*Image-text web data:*
----------------

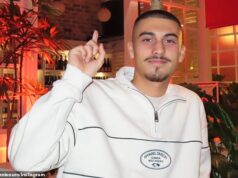 Jovem australiano chocado com o apelo do posto de gasolina enquanto a guerra aumenta os preços dos combustíveis: ‘Pareceu surreal’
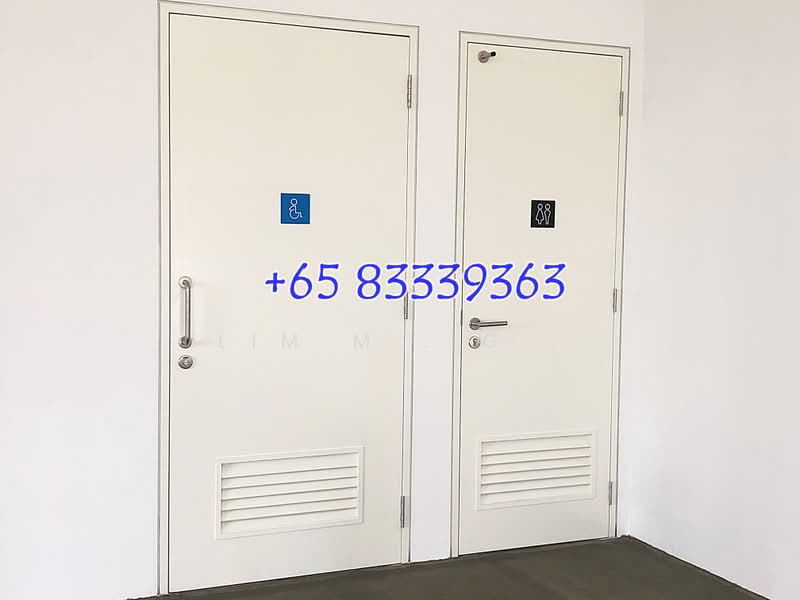 One Tannery, 1 Tannery Road, 2,600 sqft, Light Industrial (B1) For Rent, by Lim M.G., 21593149 - CommercialGuru.com.sg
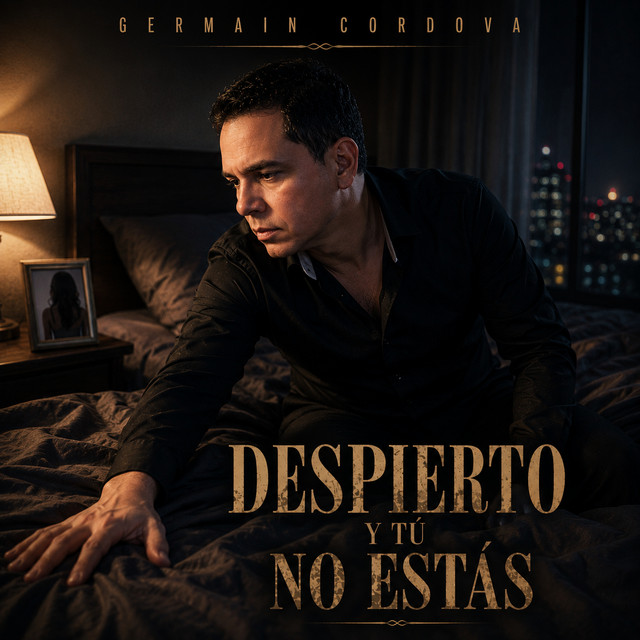 Germain Cordova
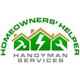 Homeowners Helper Handyman Services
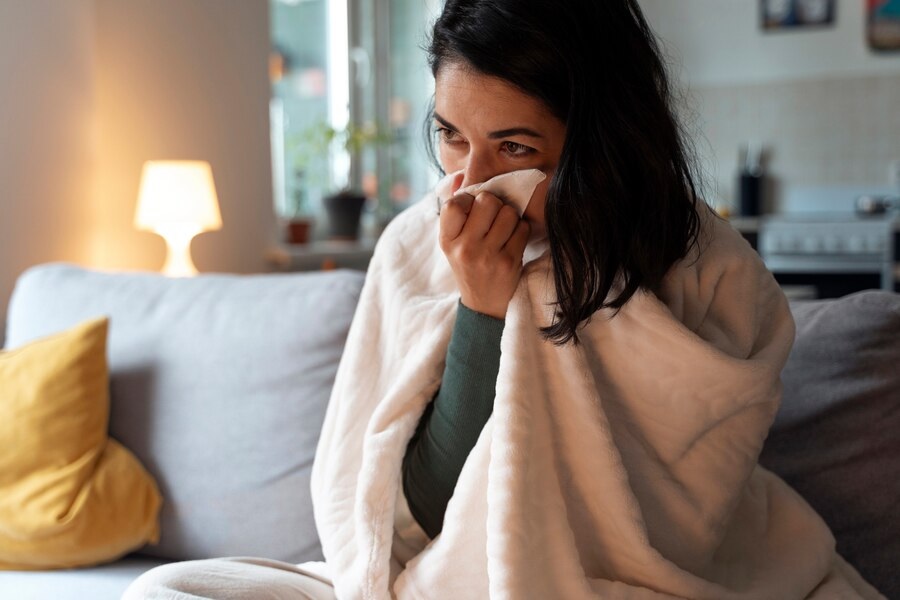 Entenda o que é o vírus respiratório responsável por surto na China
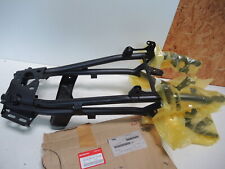 Honda 500f heckrahmen gebraucht kaufen  Bochum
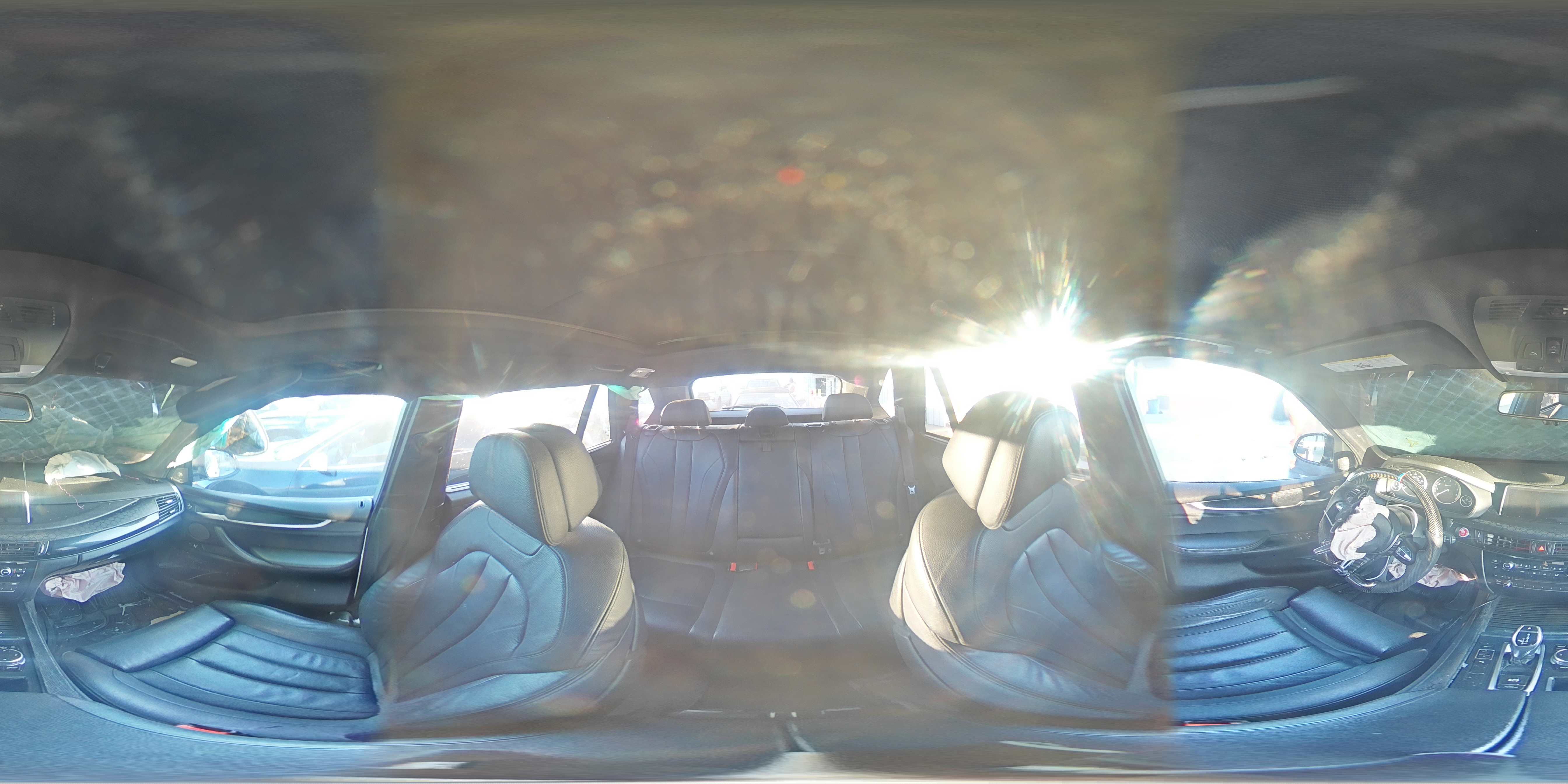2016 BMW X5 - Image 15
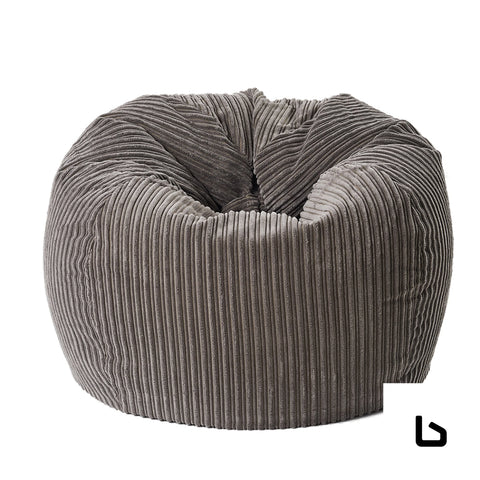 Bean bag beanbag large indoor lazy chairs couch lounger
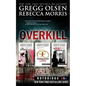 Overkill (True Crime Box Set, Notorious USA) - Paperback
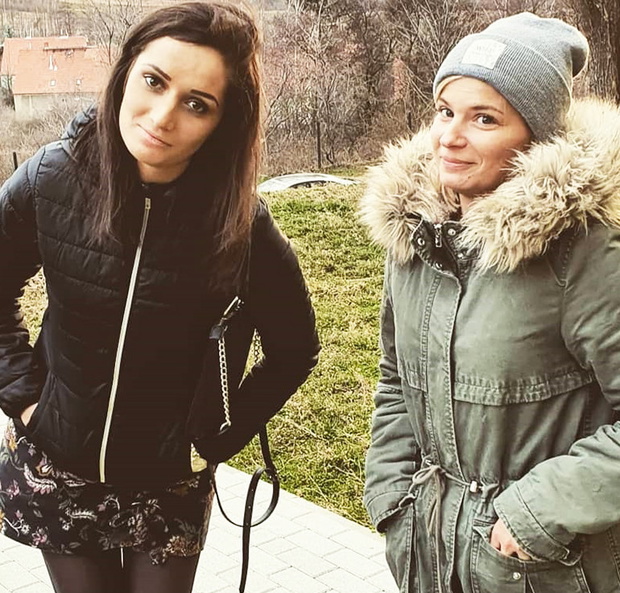 Natalia i Ilona z "Rolnik szuka żony" o koronawirusie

----------------

*ACTIVITY:* Your output should consist solely of the lines from the line containing "2016 BMW X5 - Image 15" through the last line of the entries, verbatim, minus any pictures.

*TASK SOLUTION:*
2016 BMW X5 - Image 15
 Bean bag beanbag large indoor lazy chairs couch lounger
 Overkill (True Crime Box Set, Notorious USA) - Paperback
 Natalia i Ilona z "Rolnik szuka żony" o koronawirusie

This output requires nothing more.